Quant au docteur Balla Moussa Kéita de l’ONG International Médical Corps : « les personnes qui blanchissent leur peau comme une salamandre ignorent le danger qu’elles courent par rapport à ce phénomène. D’abord, elles ont des difficultés de cicatrisation en cas de blessure, mais aussi la diminution du système immunitaire, avant d’ajouter que la dépigmentation de la peau favorise le diabète, l’hypertension, le cancer… »

C’est qui est paradoxal, aujourd’hui certaines femmes qui travaillent dans les services sanitaires et d’autres intellectuelles qui devaient sensibiliser leurs paires sur le danger du phénomène sont aussi dépigmentées.

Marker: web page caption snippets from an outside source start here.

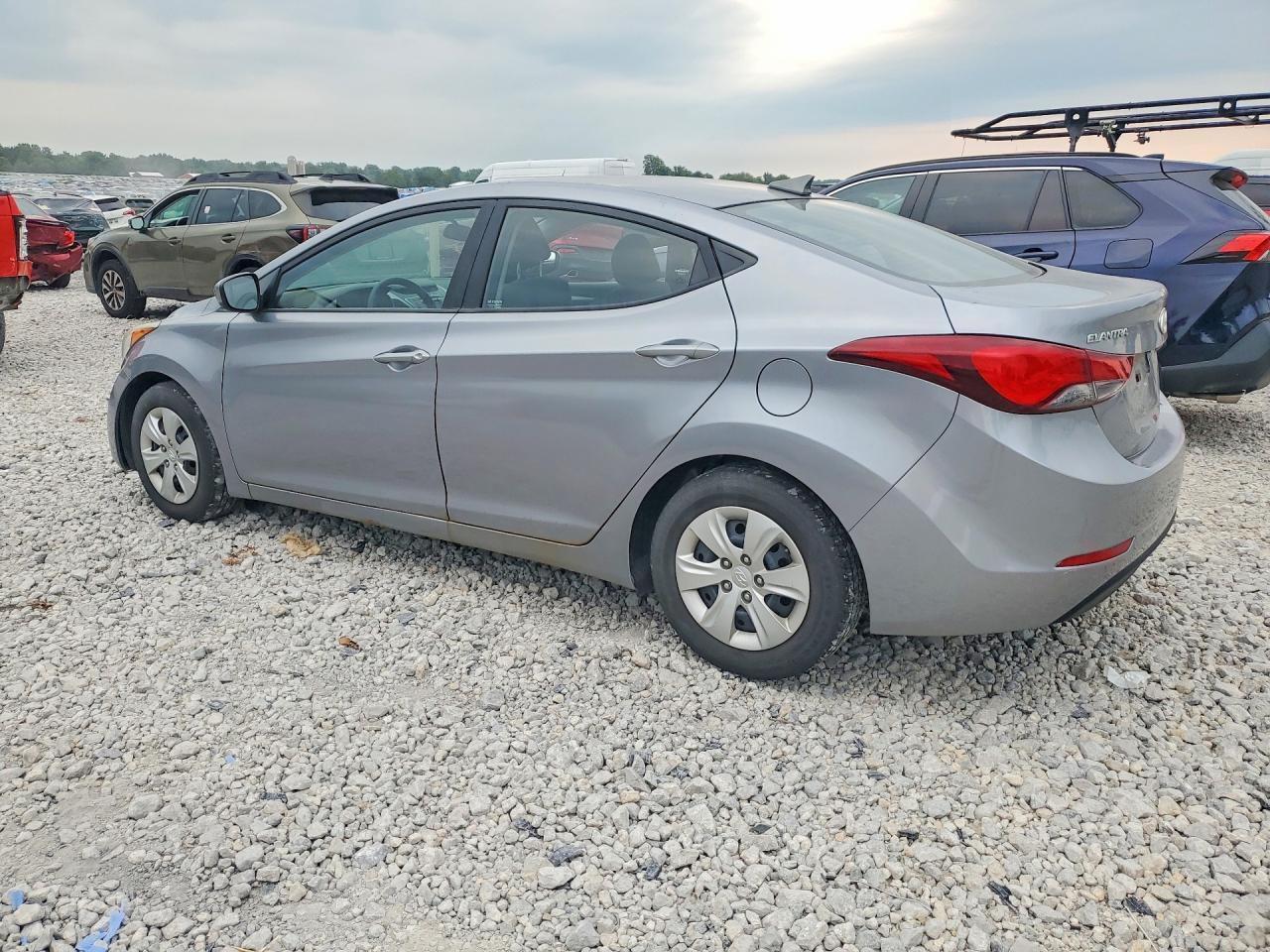 2016 HYUNDAI ELANTRA SE — Фото 2 из 13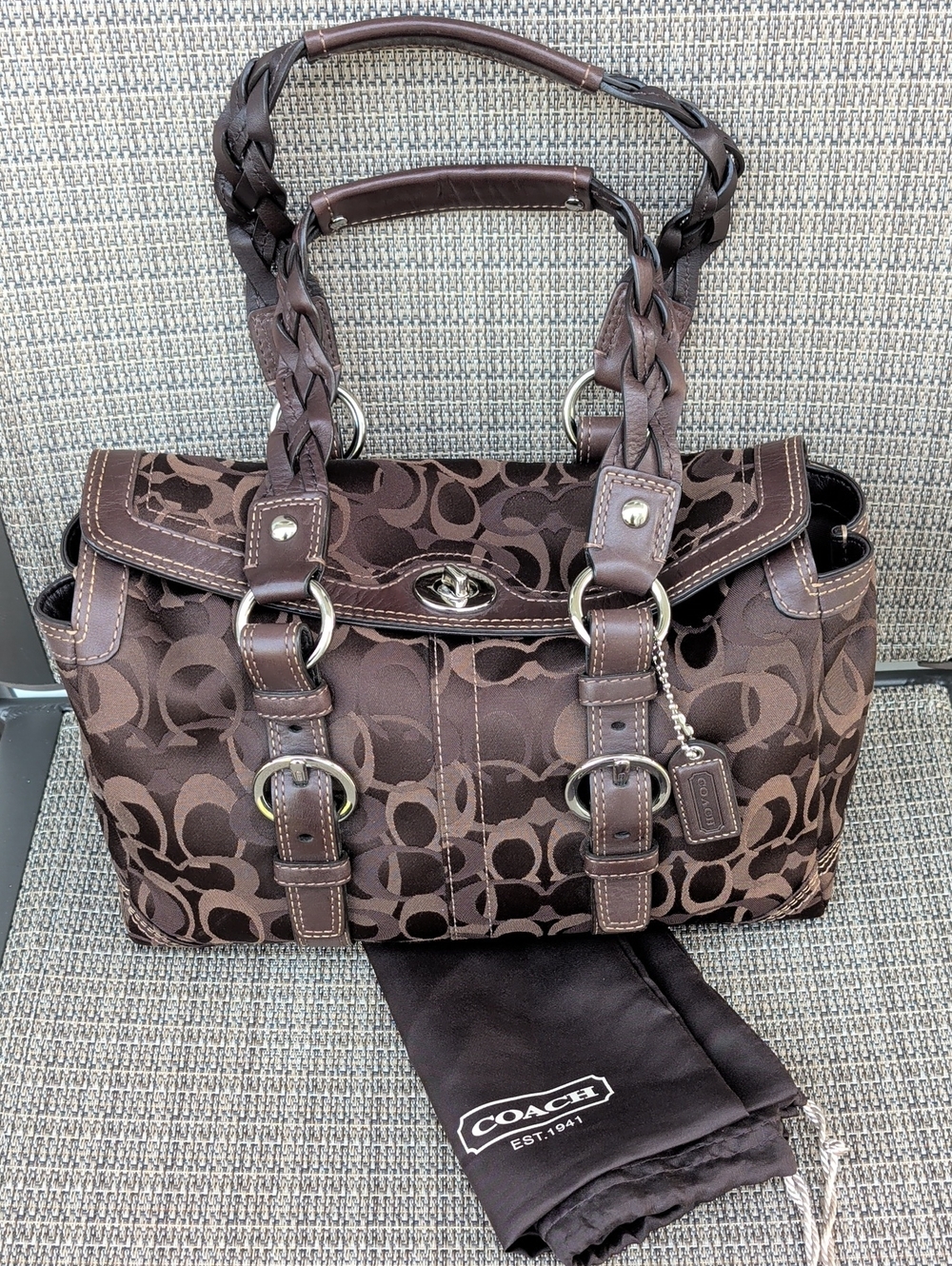 Coach Chelsea Optic Signature Turnlock Satchel (10995) EUC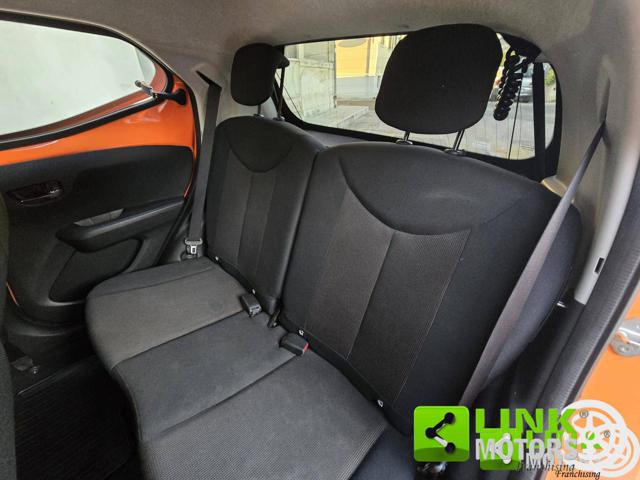 TOYOTA AYGO CONNECT ORANGE 1.0 VVT-I 72 CV 5 - foto 6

A celles-ci, s’ajoutent certains jeunes garçons  entrés pleinement dans la dance en se dépigmentant de la tête aux pieds. Ces dépigmentés (femmes et hommes) présentent des taches de panthère sur leur peau et  dégagent une odeur nauséabonde.

Vu l’ampleur de cette dépigmentation, beaucoup d’analystes se demandent  quel sera à l’avenir l’identité des noirs africains tant défendue par nos ancêtres. C’est pourquoi, c’est le lieu et le moment d’organiser des campagnes d’informations, de sensibilisation  de la population et surtout interpeller le gouvernement afin d’interdire, à l’instar des pays occidentaux, l’importation et la vente de ces produits jugés dangereux pour la santé publique.